Is your team busy or productive
You can't have both?
Hey this one is long SORRY? If you have 15min to read it I hope you take the time but if not, save it for later when you’re in a meeting you’re not really invested in and see if it helps.
Is Your Team Busy or Productive?
I’m at my in-laws’ place in <redacted> North America, it’s 2am because my body still thinks it’s tomorrow afternoon in Sydney, my ankle has been recovering from a trimalleolar fracture/break and full dislocation for a month now, I’m laying on the floor watching my baby sleep next to me and I’m doing what any reasonable person does when jet-lagged taking care of their baby and unable to sleep: syncing files to my NAS on the other side of the planet.
Look, I had a reason.

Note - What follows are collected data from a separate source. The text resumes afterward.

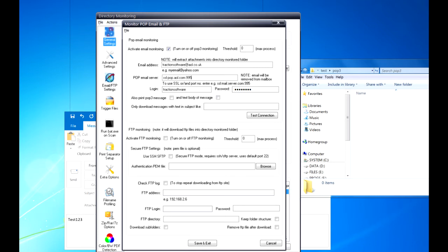So for this example I want SSL, and login and then password. And that's it, really. You need to then select if you want to print the POP3 message. If not, it will download the message and extract the attachment and print that.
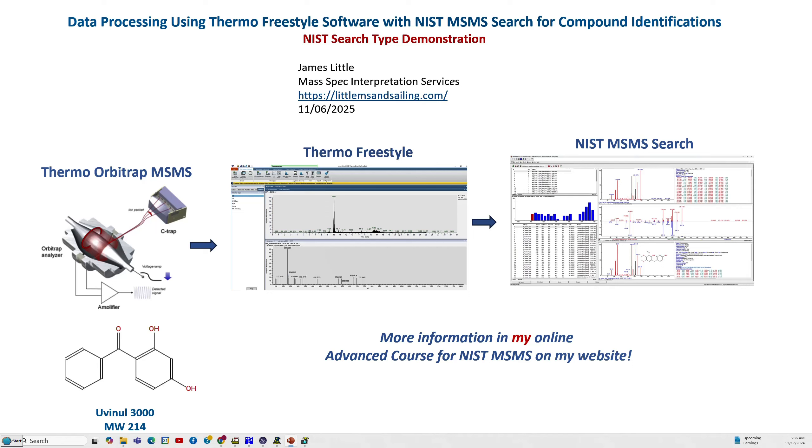Good morning! My name is James Little from MassSpec Interpretation Services and I'm creating a course on data processing using Thermo Freestyle software with the NIST MS-MS Search for Compound Identifications. It can be a very powerful approach for using the new NIST 2023 software and its associated MS-MS libraries.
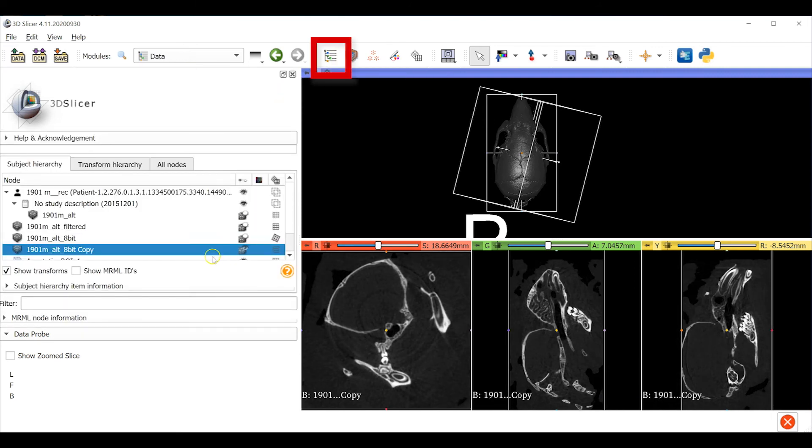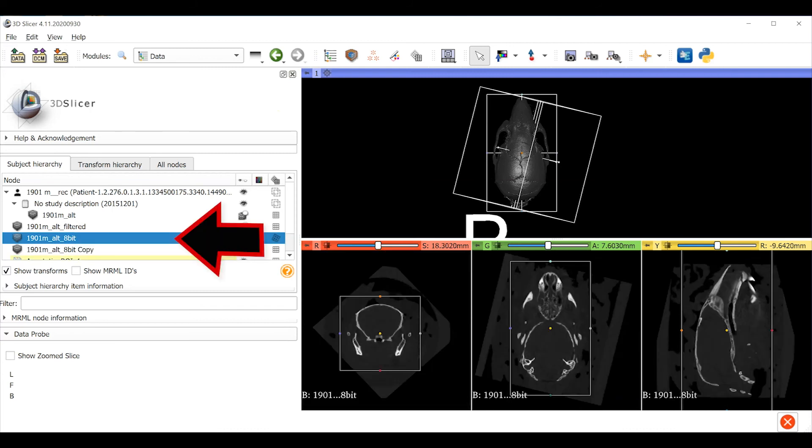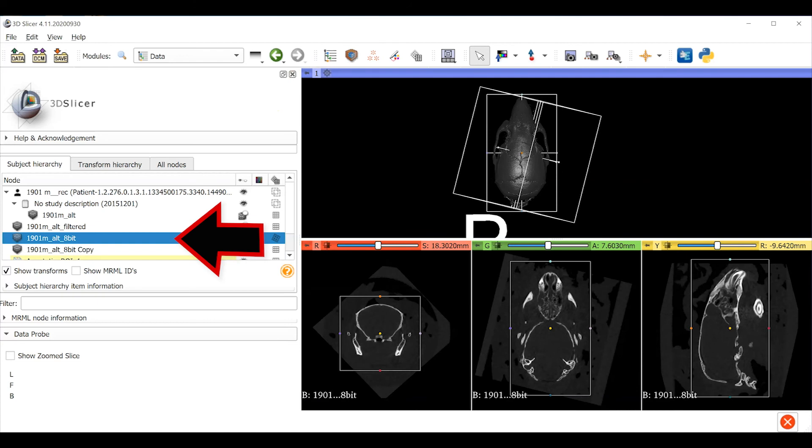We're returned to the data module window here and the 3D viewers are showing the template we made. Don't be concerned that parts of the skull are cut off. If we visualize our transformed 8-bit volume by clicking here we can see that our template ROI fully captures the mouse skull. Our next step is to use this template to re-slice our transformed 8-bit image volume.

There were photos. The kid did something cute and the grandparents wanted copies and somehow this turned into “I should just pull down those files I’ve been meaning to organise” which turned into me staring at transfer speeds at 2am while everyone else sleeps.
The connection was surprisingly good. I’d expected the usual transpacific misery, with LEAST DOLLAR cost routing instead of least path cost, but somewhere between my in-laws’ surprisingly decent internet and whatever routing magic was happening across the Pacific, I was getting respectable bandwidth that could saturate my shitty NBN link back home; iperf3 even confirmed!
And yet.
The transfer was crawling.
So I did what any normal person would do: I SSH’d into my home lab from my father-in-law’s guest room and started investigating where my bottleneck actually was.
The Problem With Asking “Am I Max’d Out?”
The first thing I checked was network. Was I actually saturating the link? no. Not even close. The bandwidth was there. The route was clean. The packets were flowing. Send that switch some packets, Switches love packets
Then I remembered.
Right before we left for this trip, I’d replaced a drive in the NAS. One of the eight drives had started throwing SMART warnings, the kind that say “I’m not dead yet but I’m thinking about it” and I swapped it out the night before we flew. After an emergency trip to Centrecom. Responsible typical sysadmin behaviour.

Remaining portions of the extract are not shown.